__TASK DATA__:

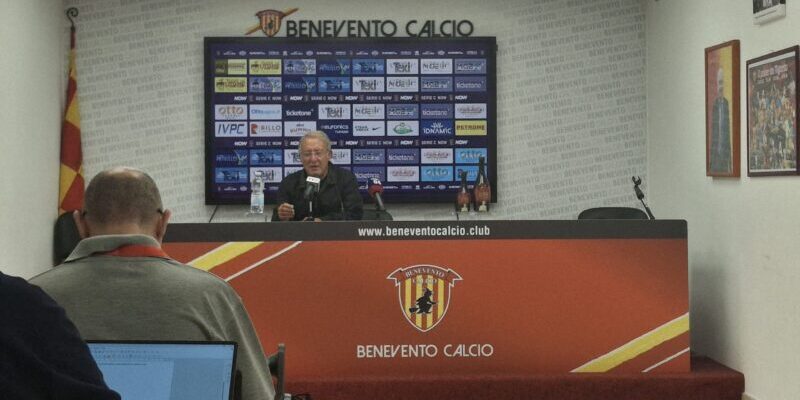 Benevento, Vigorito: “Stiamo vicini alla squadra, senza perdere la pazienza: non serve creare aspettative inutili”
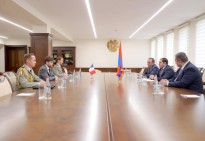 Сурен Папикян и посол Франции обсудили перспективы армяно-французского сотрудничества в оборонной сфере
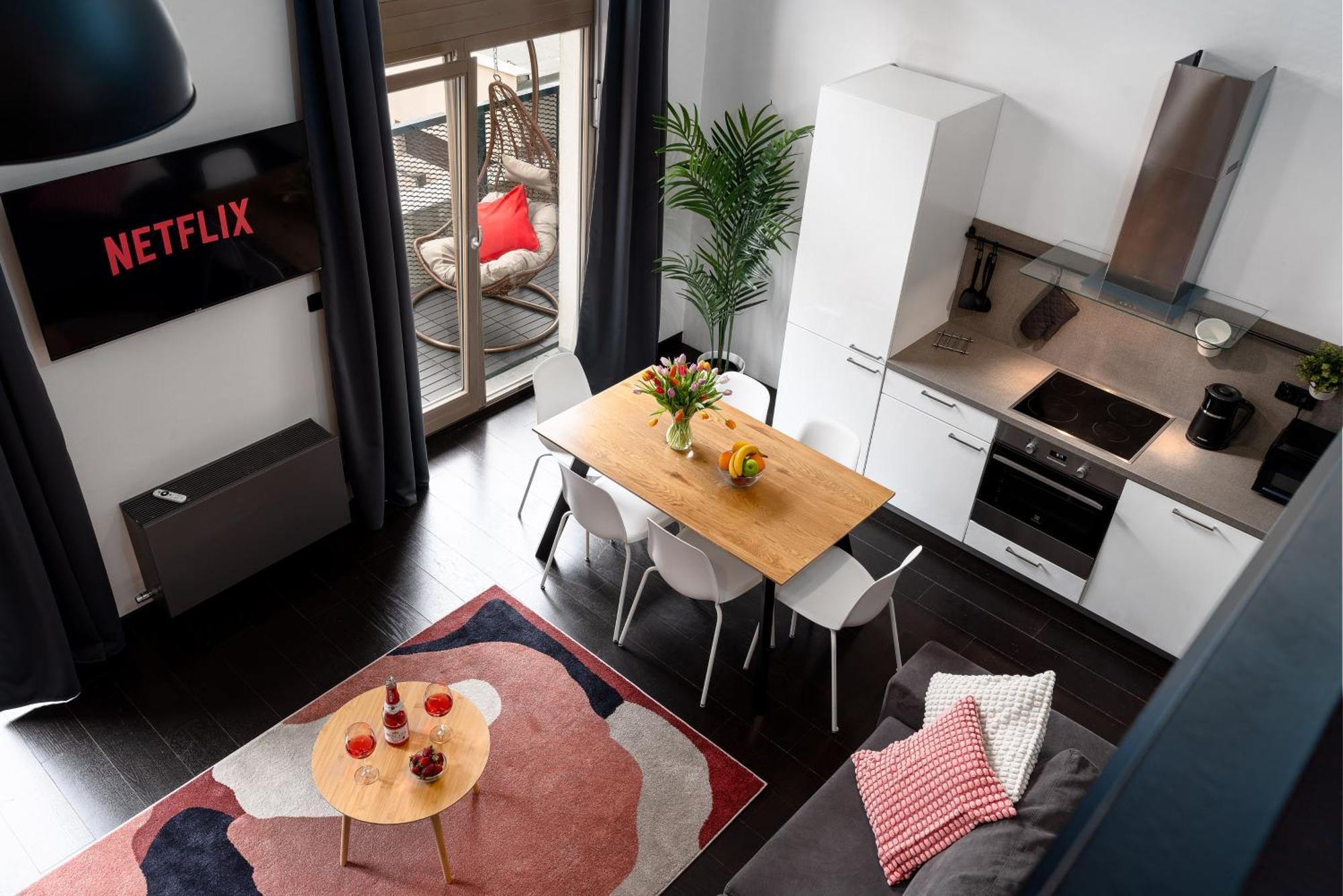 Apartments With Large Balcony, Parking Praga Exterior foto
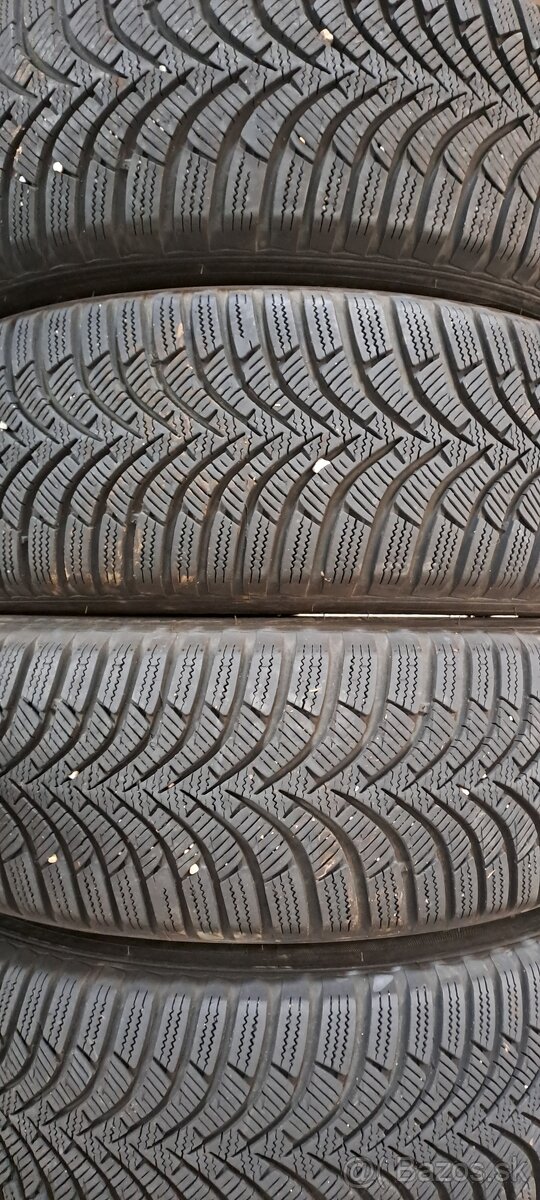 Predám 4ks jazdené zimné 205/65r15-94T Hankook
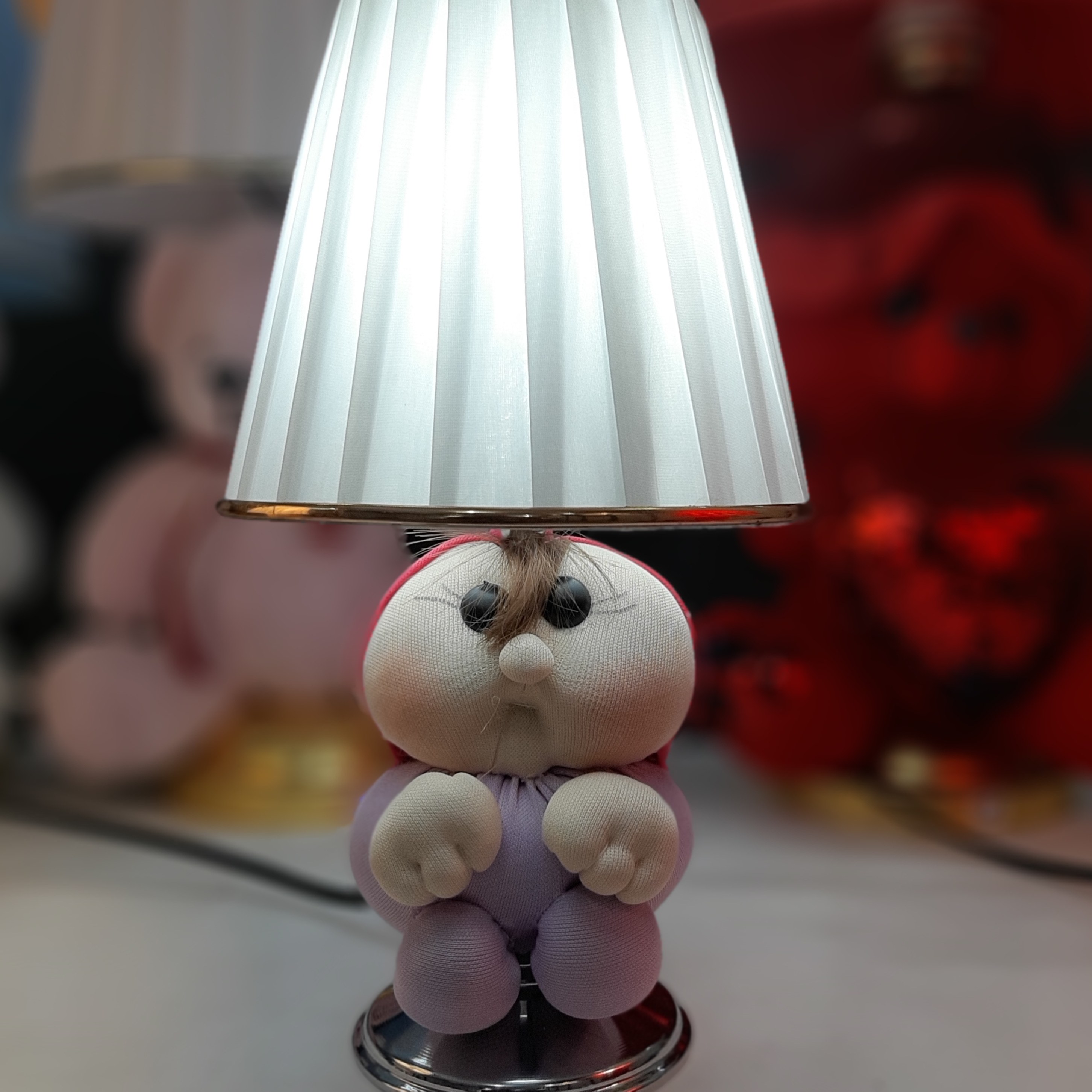 آباژور رومیزی کودک مدل خانم تپل کد C28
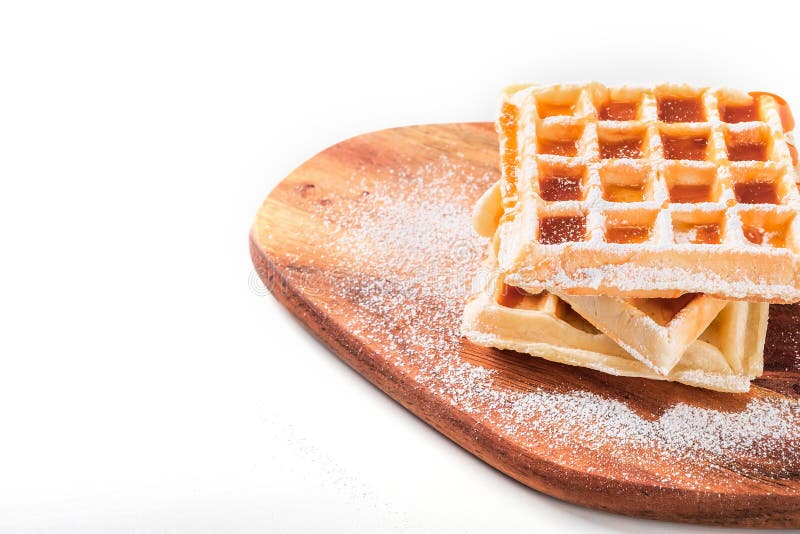 Belgische Waffeln mit Puderzucker und Ahornsirup lizenzfreie stockfotografie Belgische Waffeln mit Puderzucker und Ahornsirup lizenzfreie stockfotografie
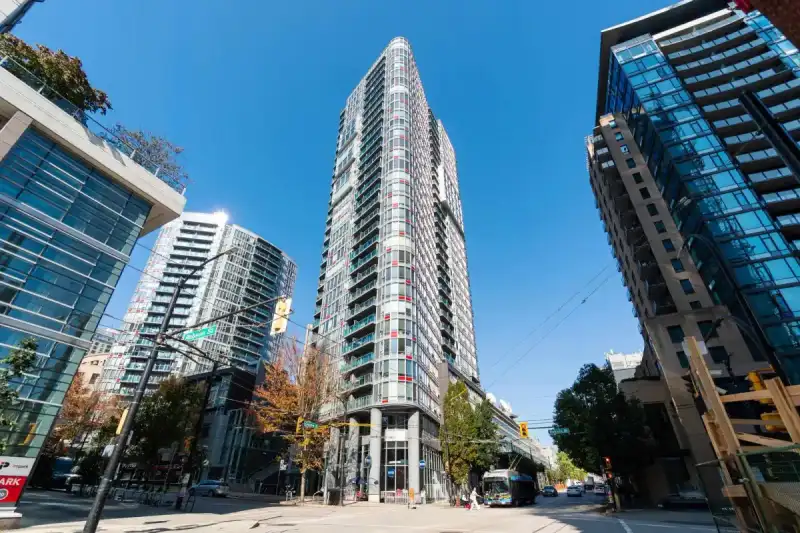 3301 233 ROBSON STREET - photo 1 of 35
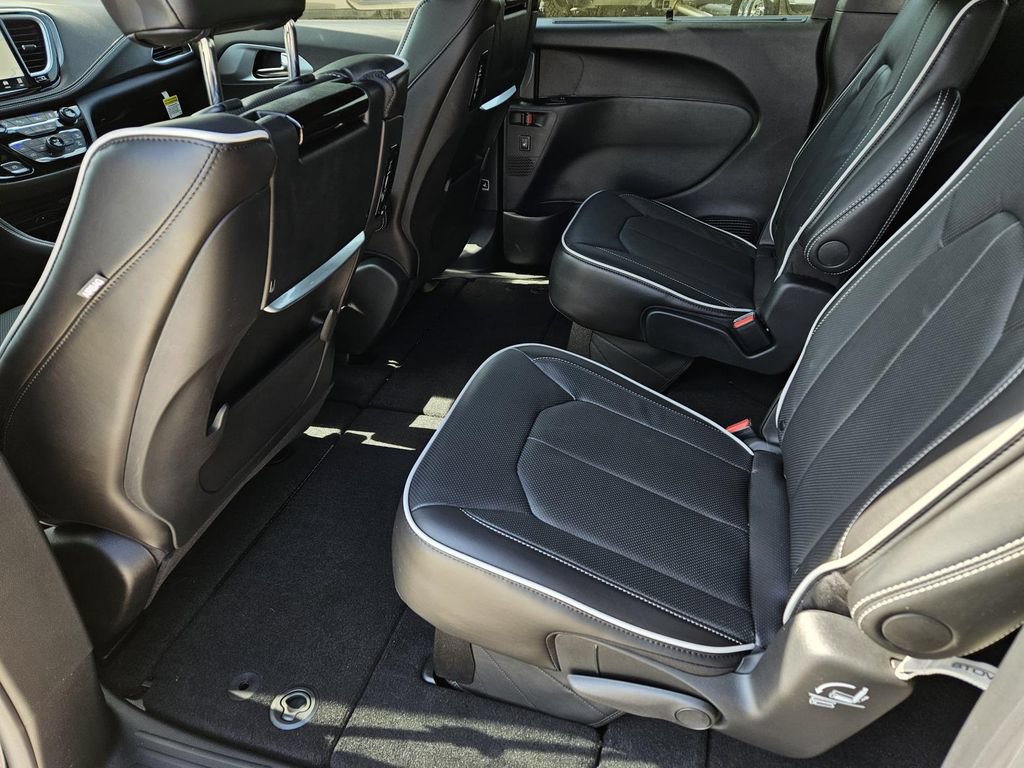 New 2026 Chrysler Pacifica Limited w/ Uconnect Theater Family Group FWD image 12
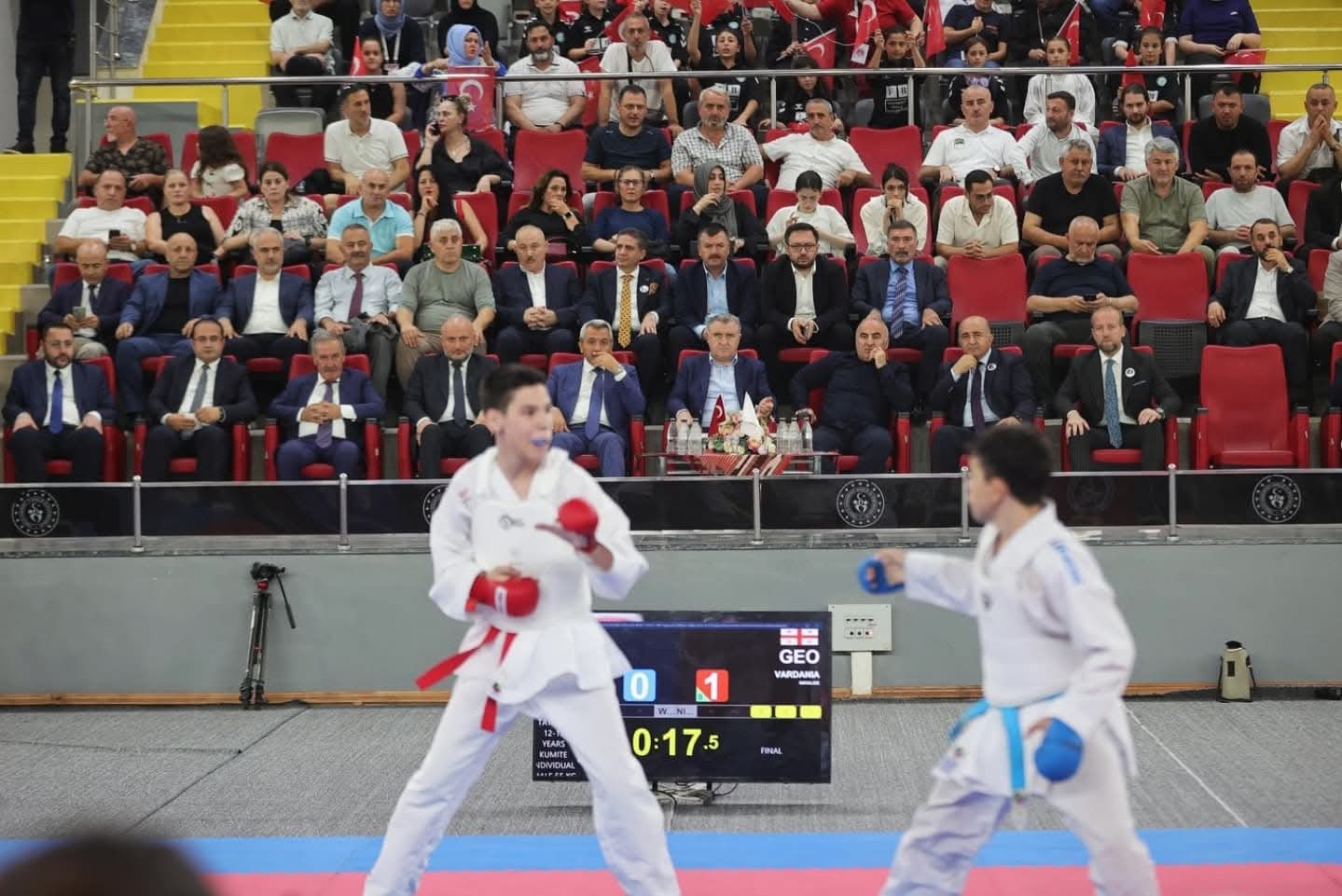 Naxçıvanın karateçiləri Türkiyədən medalla döndülər 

__TASK PROMPT__: Retype the lines above exactly as they appear, from the line containing "Predám 4ks jazdené" through the line containing "3301 233 ROBSON STREET - photo 1 of 35", and leave out any pictures.

__RESPONSE AREA__:
 Predám 4ks jazdené zimné 205/65r15-94T Hankook
 آباژور رومیزی کودک مدل خانم تپل کد C28
 Belgische Waffeln mit Puderzucker und Ahornsirup lizenzfreie stockfotografie Belgische Waffeln mit Puderzucker und Ahornsirup lizenzfreie stockfotografie
 3301 233 ROBSON STREET - photo 1 of 35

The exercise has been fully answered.